With Easter our focus shifts from the Cross to the empty tomb, and to the risen Lord appearing to his disciples. Our Scripture readings record the encounters – Jesus teaching disciples on the way to Emmaus, recognized in the breaking of bread, Jesus filling their nets with fish, and eating fish with them on the shore. Yet, the Feast of Divine Mercy reminds us to look back to the Cross.

Jesus’ last word on the Cross was “it is finished,” tetelestai, a Greek word that means a debt has been paid in full.  That last act upon Jesus’ human body was the soldier piercing his side, from which blood and water poured forth. This points to the sacraments of Baptism (Holy Water) and Eucharist (Sacred Blood). The water and blood also provide connecting images between God in Creation and Redemption. These images are both simple and profound.

St. Maria Faustina

St. Maria Faustina is the saint who received the message and image of Divine Mercy from Our Lord. He chose the most simple to reveal a most profound mystery. Maria grew up on a poor farm, and received merely three years of education. In the 1930s she became a nun at the Congregation of the Sisters of Our Lady of Mercy, in Krakow, Poland. Because she was uneducated, she performed the most humble tasks in the kitchen and garden.
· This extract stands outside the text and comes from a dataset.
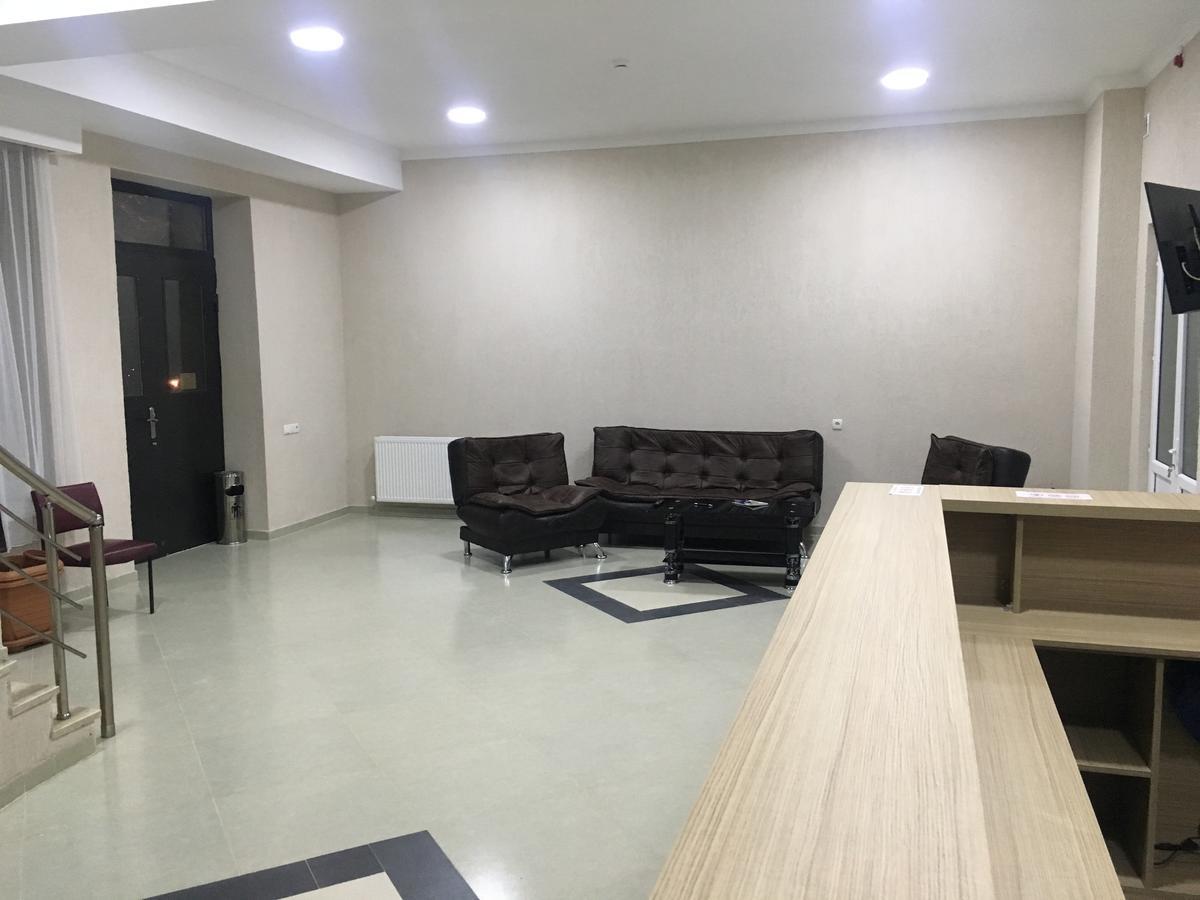 Kmg Hotel Khashuri エクステリア 写真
Message and Image of Divine Mercy

The Lord chose this humble nun to reveal critical messages to His people, which became compiled in the Diary of Saint Maria Faustina Kowalska. And he revealed to her the image of Divine Mercy, which he told her to paint as she saw it in His revelation. He told her to tell the priests that this image was to be honored publicly. Learn the history of the Divine Mercy image.

Role of Blessed John Paul II

While this happened in the early 1930s, it took until the new millennium, 2000, for Maria Faustina to be proclaimed a saint. From 1959 to 1978 devotion to the image of Divine Mercy was banned in the Church. A young priest took his devotions from his Polish homeland to the papacy in Rome, and advanced her cause. 

Each of the recorded cases of healing that advanced the cause, involved a pilgrimage to a shrine devoted to Divine Mercy. Read about these miracles.  The National Shrine of Divine Mercy is located in Stockbridge, MA. Take a virtual tour. After learning about the central role of pilgrimage to a Divine Mercy shrine in each of the healing miracles, you can bet that making a pilgrimage to Stockbridge MA is on my to-do list!

 Meaning of Mercy – An Activity

The etymology of words, and clarifying cross-cultural meanings, fascinates me.  Here’s an activity you can do with children who read. Create note cards with the foreign word on one side, and write the definition on the other side.

Tetelestai – “It is finished” – the debt is paid in full (Greek)

Hesed – steadfast love (Hebrew)

Hesed-emet – steadfast, dependable love (Hebrew)

Hesed-sadekah – righteous, holy love (Hebrew)

Hesed-Yesua – rescuing, saving love (Hebrew)

Rachamim—  tender, compassionate love, a love that springs from pity (Hebrew)

Rechem – root word which means a mother’s womb (Hebrew)

Eleos – loving kindness, compassion (Greek) Root word means oil poured out.

Misercordia – miserable heart (Latin)

Spread all these words among the children, or go over them together. Ask them to put in their words what this means, and to give an example of the type of action or the symbolism involved in the words. Read this article to understand these terms.

After this, explain that all these words mean Divine Mercy. Now circle back and ask them to explain how Jesus showed us all these aspects of Mercy.

John Paul II saw in these complex images a pattern, as a Divine Mercy scholar explained:

There is a special intimacy and responsiveness about this kind of love, and a special concern for the sufferings of others. The Holy Father sees hesed as, in a sense, a masculine form of love (steadfast, dependable, righteous, being true to oneself and true to one’s promises), while rachamim is more feminine (tender, responsive, compassionate, like a mother responding in love to the sufferings of her child).

John Paul II further explained two essential teachings about Mercy: (1) “Mercy is love’s second name,” and (2) “Mercy is the greatest attribute of God.” Read John Paul II’s encyclical Dives in Misericordia (Rich in Mercy) 1981

What you can do at home

Overlap a red and white table cloth on your dinner table tonight. Give the Divine Mercy image a central place on your table. Consider adding white and red flowers to your centerpiece.

Pray together the Divine Mercy Chaplet. Attend special services in your local church, often offered at 3 pm – the Hour of Mercy when Jesus died on the Cross.

Use Coloring pages and word searches for Divine Mercy.

Plan a pilgrimage together.

Remember to display the Divine Mercy image in your home, and to pray the Chaplet of Divine Mercy daily, especially during the Hour of Mercy (3-4 pm). In addition, remember to ask for the intercession of St. Maria Faustina. Here is a simple and thoughtful prayer for her intercession.

Say throughout your day, “Jesus, I trust in you!”